### About this exercise
Copy out each line of the material exactly. Pictures do not belong in the copy.

### Given data ###

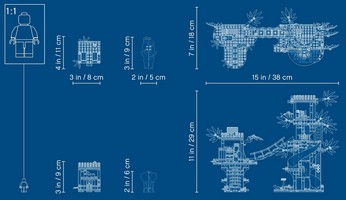 LEGO 41424 картинка 11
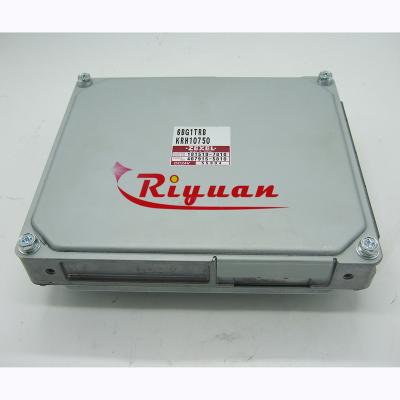 China Machinery Repair Shops Digger Excavator Controller KRH10750 SH120-3 SH200-3 SH210-3 SH300-3A3 407915-2600 Programmed Control Box FOR ISUZU for sale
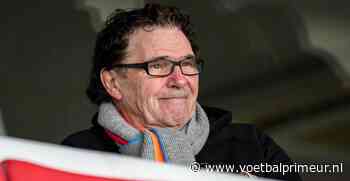 Van Hanegem lovend over 'bulldog' van Oranje: 'Is toch geweldig om te zien'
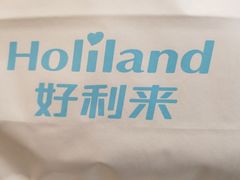 -好利来(朝外店)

###

### Result of this task
 LEGO 41424 картинка 11
 China Machinery Repair Shops Digger Excavator Controller KRH10750 SH120-3 SH200-3 SH210-3 SH300-3A3 407915-2600 Programmed Control Box FOR ISUZU for sale
 Van Hanegem lovend over 'bulldog' van Oranje: 'Is toch geweldig om te zien'
 -好利来(朝外店)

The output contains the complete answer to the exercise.